If the IRA contributions suddenly make the numbers make sense, then the 'problem' is what I had mentioned at the beginning, and there won't be a 'fix' (other than you making a Traditional IRA contribution or manually calculating things and overriding the software).

 

Level 4
March 2, 2022

Based on this response I would not recommend anyone who is not a tax expert and self employed to use TurboTax for 2021 returns. 
 
The earliest I could file would have had me underpaying taxes by over $10,000. After updating it would have had me overpaying by $8,000. 

It worked fine in 2017 and 2018. It is a program error.  Now to enter it all in Taxslayer. What a pain. 

Level 15
March 2, 2022

@johnosen35 wrote:

Based on this response I would not recommend anyone who is not a tax expert and self employed to use TurboTax for 2021 returns. 

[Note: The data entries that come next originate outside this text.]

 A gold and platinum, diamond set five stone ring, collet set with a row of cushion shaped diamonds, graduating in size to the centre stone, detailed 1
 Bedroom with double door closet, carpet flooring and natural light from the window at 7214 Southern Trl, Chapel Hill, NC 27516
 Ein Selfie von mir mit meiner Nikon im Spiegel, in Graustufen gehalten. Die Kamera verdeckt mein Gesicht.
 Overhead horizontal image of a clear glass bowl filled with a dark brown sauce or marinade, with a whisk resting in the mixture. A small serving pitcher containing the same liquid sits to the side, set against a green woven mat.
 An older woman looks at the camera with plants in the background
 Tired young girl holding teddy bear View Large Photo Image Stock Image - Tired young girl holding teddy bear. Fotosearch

It worked fine in 2017 and 2018. It is a program error.  


 

Yep.  If you knew the amount of errors ...

 

The errors have been there since 2014 when the Premium Tax Credit started (and I boldly pointed out the errors to the developers then, but they refused to correct things).  It is potentially a two-fold error:  One of which is technically allowable and TurboTax takes the conservative easy way of dealing with it.  The second is is an error.  But often your specific situation will not 'trigger' the error.  It is only happens under certain mathematical conditions.

 

You may also consider TaxAct.  I like the data-entry in the forms in TaxAct, and although not quite a automated as TurboTax, from what I've seen it gives a good output.